# Agent-Driver

This is a repo of Agent-Driver

Note: Running Agent-Driver requires an [OpenAI API account](https://platform.openai.com/)

## Introduction

Human-level driving is an ultimate goal of autonomous driving. Conventional approaches formulate autonomous driving as a perception-prediction-planning framework, yet their systems do not capitalize on the inherent reasoning ability and experiential knowledge of humans. In this paper, we propose a fundamental paradigm shift from current pipelines, exploiting Large Language Models (LLMs) as a cognitive agent to integrate human-like intelligence into autonomous driving systems. Our approach, termed Agent-Driver, transforms the traditional autonomous driving pipeline by introducing a versatile tool library accessible via function calls, a cognitive memory of common sense and experiential knowledge for decision-making, and a reasoning engine capable of chain-of-thought reasoning, task planning, motion planning, and self-reflection. Powered by LLMs, our Agent-Driver is endowed with intuitive common sense and robust reasoning capabilities, thus enabling a more nuanced, human-like approach to autonomous driving. We evaluate our approach on the large-scale nuScenes benchmark, and extensive experiments substantiate that our Agent-Driver significantly outperforms the state-of-the-art driving methods by a large margin. Our approach also demonstrates superior interpretability and few-shot learning ability to these methods.

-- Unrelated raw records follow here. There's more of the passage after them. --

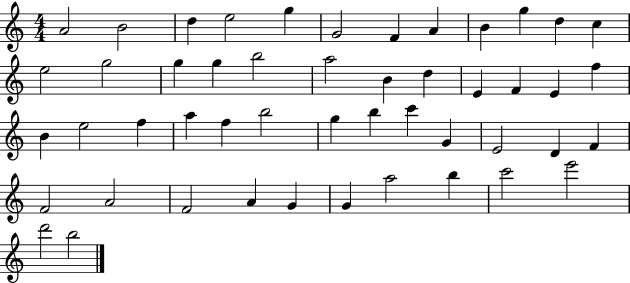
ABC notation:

X:1
T:Untitled
M:4/4
L:1/4
K:C
A2 B2 d e2 g G2 F A B g d c e2 g2 g g b2 a2 B d E F E f B e2 f a f b2 g b c' G E2 D F F2 A2 F2 A G G a2 b c'2 e'2 d'2 b2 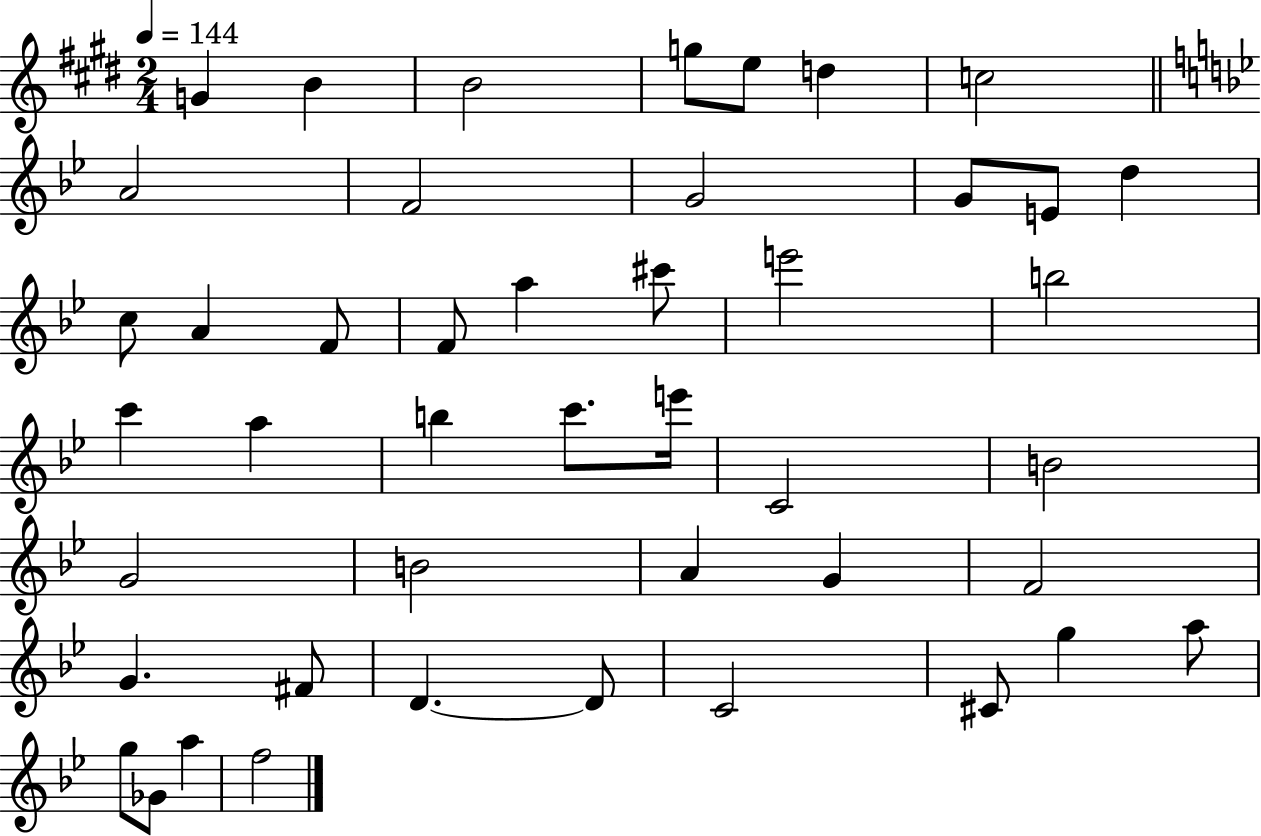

![Alt text](assets/method.png)

## Installation
a. Clone this repository.

b. Install the dependent libraries as follows:

```
pip install -r requirements.txt 
```

## Data Preparation

a. We used pre-cached data from the nuScenes dataset. The data can be downloaded at [Google Drive](https://drive.google.com/drive/folders/1BjCYr0xLTkLDN9DrloGYlerZQC1EiPie?usp=sharing).

b. You can put the downloaded data here:
```
Agent-Driver
├── data
│   ├── finetune
|   |   |── data_samples_train.json
|   |   |── data_samples_val.json
│   ├── memory
|   |   |── database.pkl
│   ├── metrics
|   |   |── gt_traj.pkl
|   |   |── gt_traj_mask.pkl
|   |   |── stp3_gt_seg.pkl
|   |   |── uniad_gt_seg.pkl
│   ├── train
|   |   |── [token].pkl
|   |   |── ...
│   ├── val
|   |   |── [token].pkl
|   |   |── ...
│   ├── split.json
├── agentdriver
├── scripts
```

## Training

a. Before we start, we need to fine-tune a GPT-based motion planner (as in the reasoning engine). To do so, you first need to register an [OpenAI API account](https://platform.openai.com/).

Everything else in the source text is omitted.